Records from a data collection:
**********

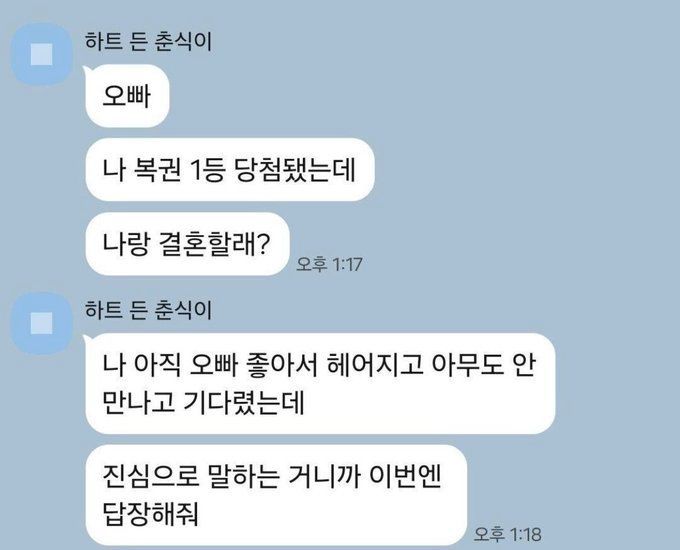 순애 중 순애 | 인스티즈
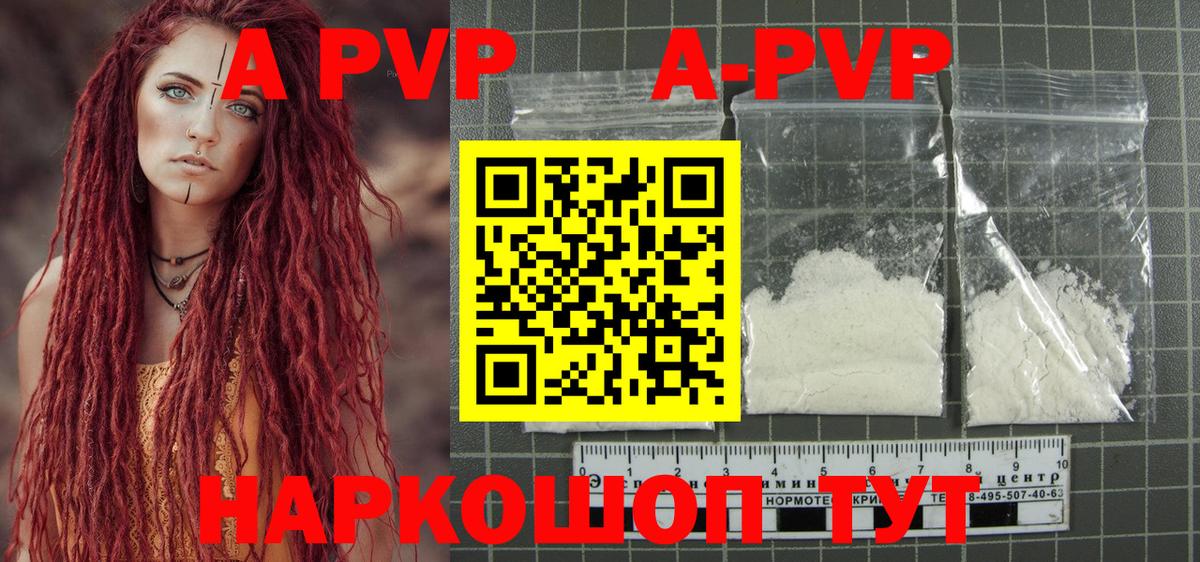 Омск  Альфа ПВП VHQ  A PVP  Alpha-PVP кристаллы  Вход с VPN  A PVP Crystall 
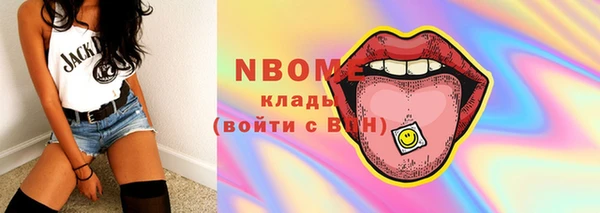 jwh Горнозаводск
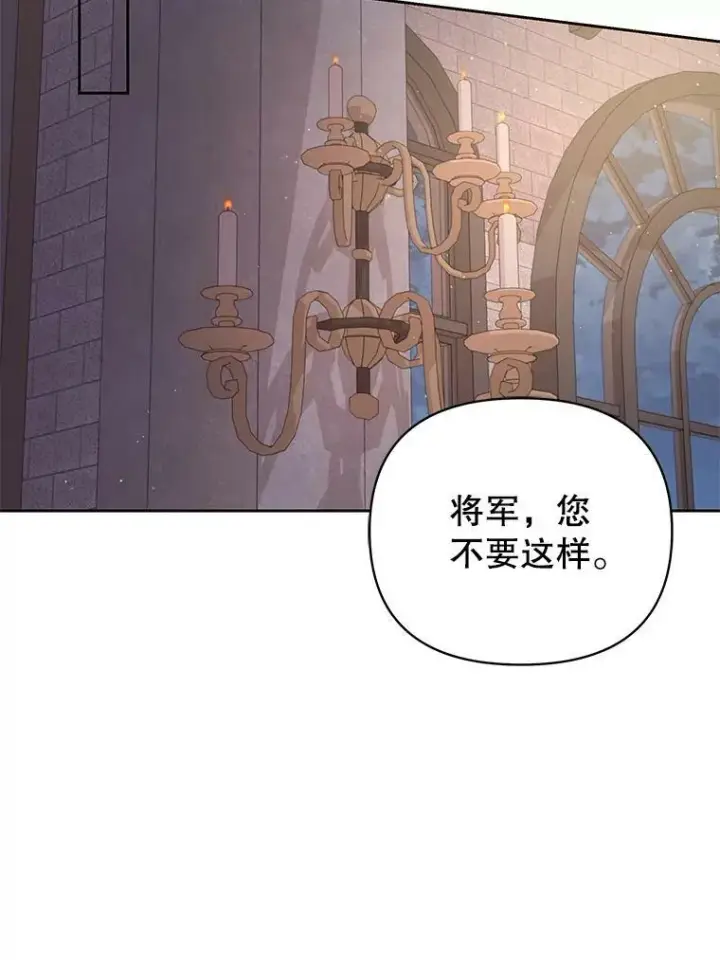 《我把竹马养黑化》82.我爱你图82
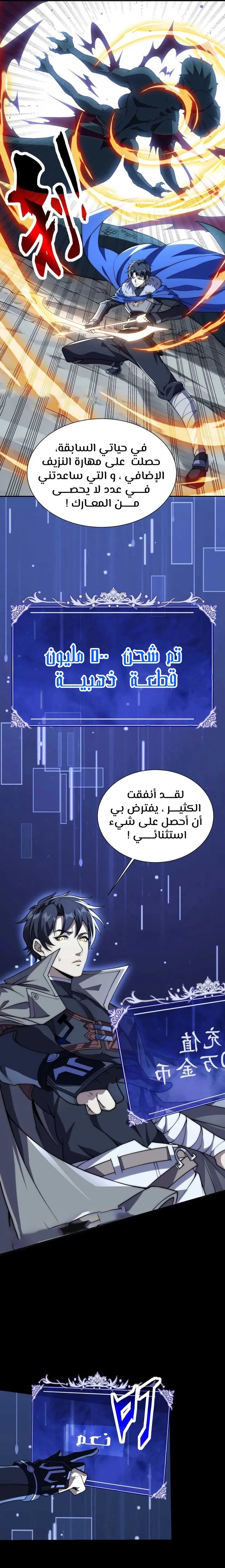 الصفحة 25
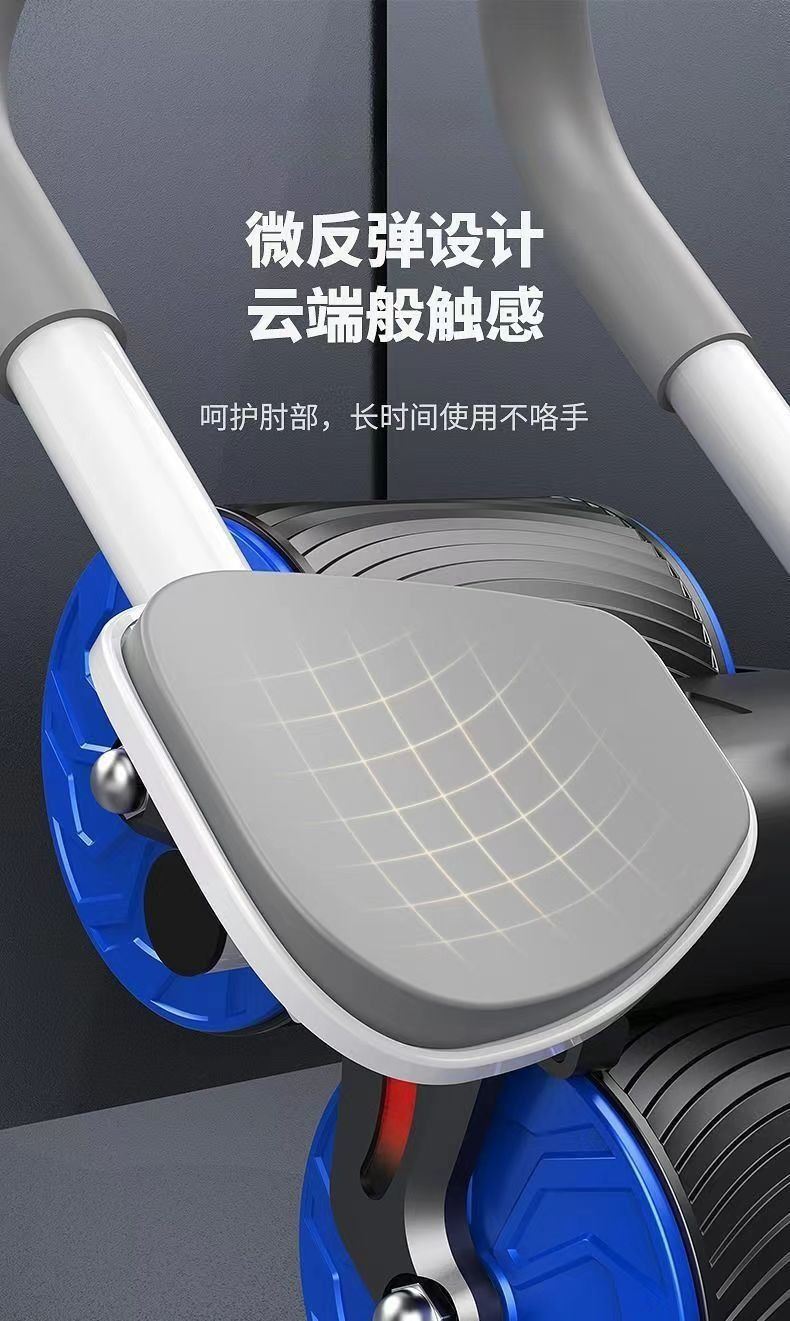 Automatic Rebound, Abdominal C - Ab Roller Wheel With Elbow Support ulasan dan harga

**********

Return each entry exactly as given. Leave the images out.

 순애 중 순애 | 인스티즈
 Омск  Альфа ПВП VHQ  A PVP  Alpha-PVP кристаллы  Вход с VPN  A PVP Crystall 
 jwh Горнозаводск
 《我把竹马养黑化》82.我爱你图82
 الصفحة 25
 Automatic Rebound, Abdominal C - Ab Roller Wheel With Elbow Support ulasan dan harga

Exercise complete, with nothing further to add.